■ **About this task**
With the pictures left out, print exactly the lines below that run from the one containing "Cappellino grigio a coste" through the one containing "https://villa-ginevra-mondello.sicilyhotelsitaly.net".

■ **Information provided**
Segment Open

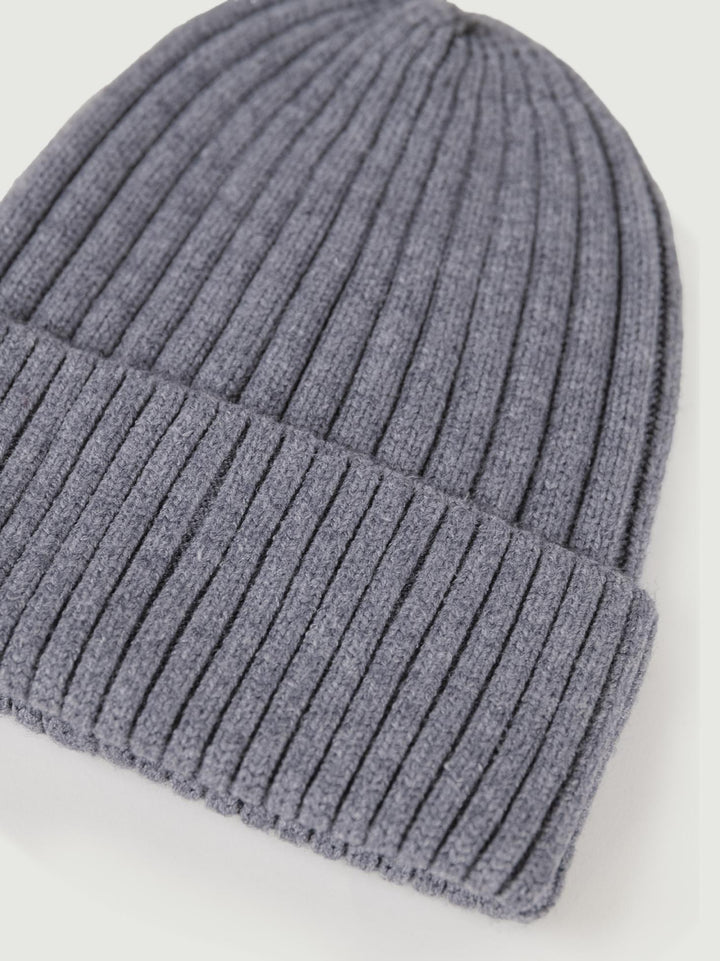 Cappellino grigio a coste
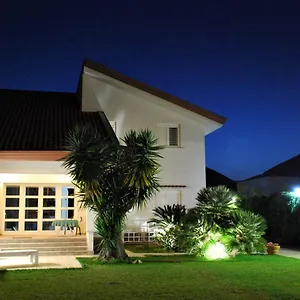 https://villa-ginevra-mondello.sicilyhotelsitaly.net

Segment Closed
Segment Open

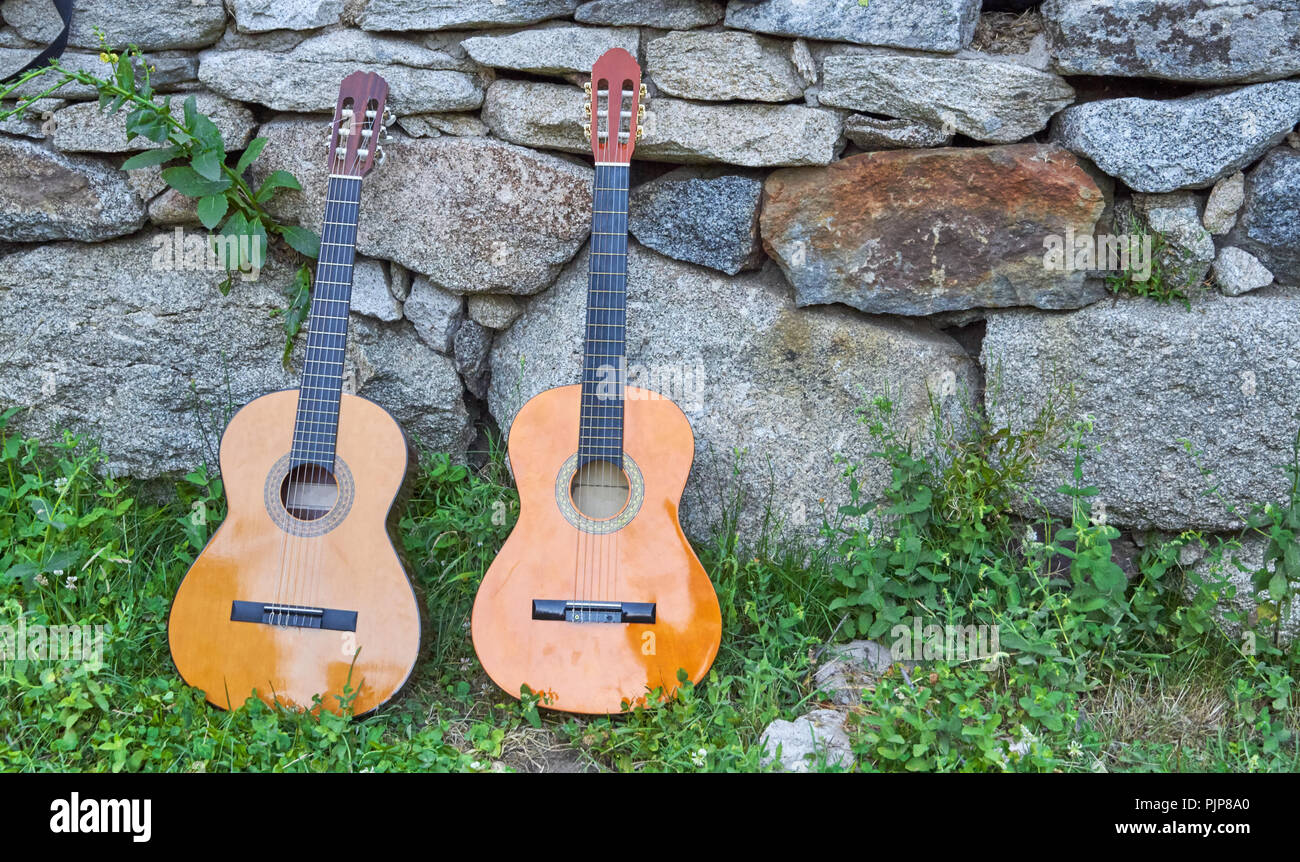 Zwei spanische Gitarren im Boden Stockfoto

Segment Closed

■ **Task response**
 Cappellino grigio a coste
 https://villa-ginevra-mondello.sicilyhotelsitaly.net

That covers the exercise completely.